Was haben wir Journalistinnen und Journalisten falsch gemacht? Warum haben nur so wenige geahnt, welche Kräfte im rechten Bereich der Gesellschaft schlummern – und wie laut sie sein können? Warum hat Pegida so viele überrascht – und die anhaltenden Erfolge der AfD ebenso? Zeit für eine Podiumsdiskussion.
„Diese Leute hatten wir lange einfach ausgeblendet“, sagt Martin Machowecz vom Ost-Ressort der ZEIT, der den „Wutbürger“-Anteil der Ostdeutschen in einem Artikel einmal als „Avantgarde des Schrecklichen“ bezeichnet hat. „Ich glaube dass Schwerpunkte total falsch gesetzt wurden“.

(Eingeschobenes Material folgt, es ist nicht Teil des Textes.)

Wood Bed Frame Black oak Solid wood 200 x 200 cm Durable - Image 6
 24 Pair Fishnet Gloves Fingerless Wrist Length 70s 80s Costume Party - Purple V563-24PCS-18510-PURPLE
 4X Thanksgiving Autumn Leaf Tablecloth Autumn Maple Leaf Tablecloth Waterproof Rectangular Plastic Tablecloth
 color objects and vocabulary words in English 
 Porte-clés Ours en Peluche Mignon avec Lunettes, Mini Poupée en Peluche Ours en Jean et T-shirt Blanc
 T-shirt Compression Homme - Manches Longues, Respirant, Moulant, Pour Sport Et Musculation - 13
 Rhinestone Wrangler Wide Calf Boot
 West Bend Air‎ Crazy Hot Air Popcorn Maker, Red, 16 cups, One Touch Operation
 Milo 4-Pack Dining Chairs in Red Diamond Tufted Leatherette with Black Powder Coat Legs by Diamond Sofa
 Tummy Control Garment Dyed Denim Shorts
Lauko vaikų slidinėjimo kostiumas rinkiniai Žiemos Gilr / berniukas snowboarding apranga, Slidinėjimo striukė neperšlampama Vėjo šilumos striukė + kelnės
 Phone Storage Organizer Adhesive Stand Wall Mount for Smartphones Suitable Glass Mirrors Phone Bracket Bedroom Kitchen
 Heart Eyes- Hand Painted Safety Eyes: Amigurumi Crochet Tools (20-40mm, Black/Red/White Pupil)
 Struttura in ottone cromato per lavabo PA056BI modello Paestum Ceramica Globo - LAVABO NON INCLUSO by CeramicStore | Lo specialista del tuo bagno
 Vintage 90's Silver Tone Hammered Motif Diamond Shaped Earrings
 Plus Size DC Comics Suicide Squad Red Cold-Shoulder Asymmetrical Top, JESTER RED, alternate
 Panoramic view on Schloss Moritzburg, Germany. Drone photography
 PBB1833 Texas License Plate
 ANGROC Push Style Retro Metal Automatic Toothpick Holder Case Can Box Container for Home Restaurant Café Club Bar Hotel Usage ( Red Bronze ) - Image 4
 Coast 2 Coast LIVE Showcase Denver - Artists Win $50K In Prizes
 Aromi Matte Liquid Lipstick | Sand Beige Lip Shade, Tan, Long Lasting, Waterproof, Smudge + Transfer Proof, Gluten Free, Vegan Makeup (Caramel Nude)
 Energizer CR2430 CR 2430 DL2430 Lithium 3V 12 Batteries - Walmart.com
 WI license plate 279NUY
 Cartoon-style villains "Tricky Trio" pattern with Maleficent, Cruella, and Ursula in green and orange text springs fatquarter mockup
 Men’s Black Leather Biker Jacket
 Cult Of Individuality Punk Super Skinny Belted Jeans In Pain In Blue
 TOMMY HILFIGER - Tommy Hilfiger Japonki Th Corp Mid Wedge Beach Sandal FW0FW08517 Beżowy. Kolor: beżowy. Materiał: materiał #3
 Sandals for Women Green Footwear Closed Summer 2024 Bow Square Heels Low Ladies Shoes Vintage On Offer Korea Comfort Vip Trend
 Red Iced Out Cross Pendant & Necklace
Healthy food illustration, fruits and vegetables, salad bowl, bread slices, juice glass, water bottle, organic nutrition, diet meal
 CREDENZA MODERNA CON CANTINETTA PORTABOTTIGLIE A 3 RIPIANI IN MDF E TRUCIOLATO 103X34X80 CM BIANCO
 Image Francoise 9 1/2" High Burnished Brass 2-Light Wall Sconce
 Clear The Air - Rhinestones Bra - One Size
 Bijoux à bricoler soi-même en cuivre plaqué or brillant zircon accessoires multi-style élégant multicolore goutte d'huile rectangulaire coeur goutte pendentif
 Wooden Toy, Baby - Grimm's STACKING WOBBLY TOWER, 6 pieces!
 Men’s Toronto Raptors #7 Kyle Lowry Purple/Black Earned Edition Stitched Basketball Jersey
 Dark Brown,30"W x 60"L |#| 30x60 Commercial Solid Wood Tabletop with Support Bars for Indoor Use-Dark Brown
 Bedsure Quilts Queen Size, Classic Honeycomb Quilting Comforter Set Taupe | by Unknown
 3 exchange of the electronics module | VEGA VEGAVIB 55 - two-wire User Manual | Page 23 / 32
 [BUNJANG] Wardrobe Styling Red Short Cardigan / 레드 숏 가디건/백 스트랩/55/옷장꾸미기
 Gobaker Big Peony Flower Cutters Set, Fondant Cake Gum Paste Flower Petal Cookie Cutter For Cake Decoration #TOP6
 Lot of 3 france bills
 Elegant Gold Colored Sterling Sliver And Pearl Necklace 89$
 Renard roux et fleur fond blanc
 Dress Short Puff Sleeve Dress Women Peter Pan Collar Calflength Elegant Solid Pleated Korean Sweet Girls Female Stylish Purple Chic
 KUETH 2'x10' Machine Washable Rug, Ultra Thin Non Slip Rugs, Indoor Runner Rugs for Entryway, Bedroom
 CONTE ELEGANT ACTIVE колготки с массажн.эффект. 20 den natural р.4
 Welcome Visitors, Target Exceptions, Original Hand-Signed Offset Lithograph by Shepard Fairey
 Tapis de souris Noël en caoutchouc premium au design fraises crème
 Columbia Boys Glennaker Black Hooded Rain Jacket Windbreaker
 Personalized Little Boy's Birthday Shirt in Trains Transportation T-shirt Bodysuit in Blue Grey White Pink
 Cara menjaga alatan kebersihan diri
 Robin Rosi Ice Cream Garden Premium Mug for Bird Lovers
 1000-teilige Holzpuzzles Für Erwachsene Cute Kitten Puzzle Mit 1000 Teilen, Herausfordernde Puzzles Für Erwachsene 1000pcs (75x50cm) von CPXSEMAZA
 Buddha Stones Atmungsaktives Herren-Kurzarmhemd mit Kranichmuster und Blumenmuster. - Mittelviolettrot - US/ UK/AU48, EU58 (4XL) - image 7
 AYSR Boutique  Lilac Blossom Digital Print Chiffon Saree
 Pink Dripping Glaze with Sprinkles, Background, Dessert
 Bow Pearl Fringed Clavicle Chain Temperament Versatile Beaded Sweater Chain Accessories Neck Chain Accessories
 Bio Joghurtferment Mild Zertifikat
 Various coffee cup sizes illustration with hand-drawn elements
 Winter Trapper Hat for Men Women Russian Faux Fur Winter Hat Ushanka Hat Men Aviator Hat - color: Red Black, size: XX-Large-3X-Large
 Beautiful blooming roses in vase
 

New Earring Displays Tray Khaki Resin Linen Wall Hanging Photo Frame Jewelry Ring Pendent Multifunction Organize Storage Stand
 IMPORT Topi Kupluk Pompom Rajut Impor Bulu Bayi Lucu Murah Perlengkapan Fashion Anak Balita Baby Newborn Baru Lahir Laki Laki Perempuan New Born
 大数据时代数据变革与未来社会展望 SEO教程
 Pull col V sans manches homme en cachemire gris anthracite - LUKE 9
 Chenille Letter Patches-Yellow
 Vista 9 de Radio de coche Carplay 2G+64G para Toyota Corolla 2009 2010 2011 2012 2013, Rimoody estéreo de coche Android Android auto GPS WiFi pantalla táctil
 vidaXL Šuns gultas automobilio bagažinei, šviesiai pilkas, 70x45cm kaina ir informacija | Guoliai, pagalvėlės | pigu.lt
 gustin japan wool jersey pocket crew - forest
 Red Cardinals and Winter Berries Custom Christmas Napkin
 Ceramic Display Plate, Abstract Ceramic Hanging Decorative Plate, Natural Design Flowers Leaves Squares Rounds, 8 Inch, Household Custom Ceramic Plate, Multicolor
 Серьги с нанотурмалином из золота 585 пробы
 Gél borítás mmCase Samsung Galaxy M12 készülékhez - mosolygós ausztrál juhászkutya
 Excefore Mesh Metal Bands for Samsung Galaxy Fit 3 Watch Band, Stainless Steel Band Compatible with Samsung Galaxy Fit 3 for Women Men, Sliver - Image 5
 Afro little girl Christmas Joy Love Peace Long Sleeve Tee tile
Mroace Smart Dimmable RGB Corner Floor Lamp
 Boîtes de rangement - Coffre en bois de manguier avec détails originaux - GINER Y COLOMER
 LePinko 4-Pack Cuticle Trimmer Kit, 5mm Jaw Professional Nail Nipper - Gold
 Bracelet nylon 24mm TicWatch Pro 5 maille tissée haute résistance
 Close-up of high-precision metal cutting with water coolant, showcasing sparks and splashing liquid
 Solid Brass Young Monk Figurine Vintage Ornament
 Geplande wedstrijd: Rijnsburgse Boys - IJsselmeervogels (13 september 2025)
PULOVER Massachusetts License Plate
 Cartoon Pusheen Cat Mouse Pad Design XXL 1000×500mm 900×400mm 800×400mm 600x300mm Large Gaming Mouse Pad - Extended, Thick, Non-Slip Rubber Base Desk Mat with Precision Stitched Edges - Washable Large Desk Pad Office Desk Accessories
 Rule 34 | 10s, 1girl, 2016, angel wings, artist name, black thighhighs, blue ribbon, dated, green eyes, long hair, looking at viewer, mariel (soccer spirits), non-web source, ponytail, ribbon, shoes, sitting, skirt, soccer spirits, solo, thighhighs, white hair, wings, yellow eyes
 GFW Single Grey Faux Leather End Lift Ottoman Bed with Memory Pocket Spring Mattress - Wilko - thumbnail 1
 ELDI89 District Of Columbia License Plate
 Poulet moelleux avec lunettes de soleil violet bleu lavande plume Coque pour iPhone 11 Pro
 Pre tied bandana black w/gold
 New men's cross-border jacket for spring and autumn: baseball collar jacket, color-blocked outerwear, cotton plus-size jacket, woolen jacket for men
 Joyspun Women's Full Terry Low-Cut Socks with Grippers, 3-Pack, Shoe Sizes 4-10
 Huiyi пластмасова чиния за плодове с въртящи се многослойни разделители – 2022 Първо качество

„Wenn wir in diesem Wahlkampf nicht aufpassen, dass wir zu alter journalistischer Distanz zurückfinden, dann haben wir die Wahl verloren.“ (Horst Seidenfaden)
Sind wir noch Repräsentanten unserer Leserschaft, will Moderatorin Christina Knorz wissen. Dem antwortet Horst Seidenfaden von der HNA mit einer steilen These: „Die Lokalzeitung, die die Interessen aller Zielgruppen bedienen muss, hat keine Zukunft.“ Ein Beispiel: Kein Student lese noch die lokale Zeitung – die Uniberichterstattung könne man sich also auch sparen. Vor allem müsse man aber aufpassen, dass in den Redaktionen nicht weiter „Reflexe statt Verstand die Oberhand gewinnen“. „Wenn wir in diesem Wahlkampf nicht aufpassen, dass wir zu alter journalistischer Distanz zurückfinden“, so Seidenfaden, „dann haben wir die Wahl verloren“.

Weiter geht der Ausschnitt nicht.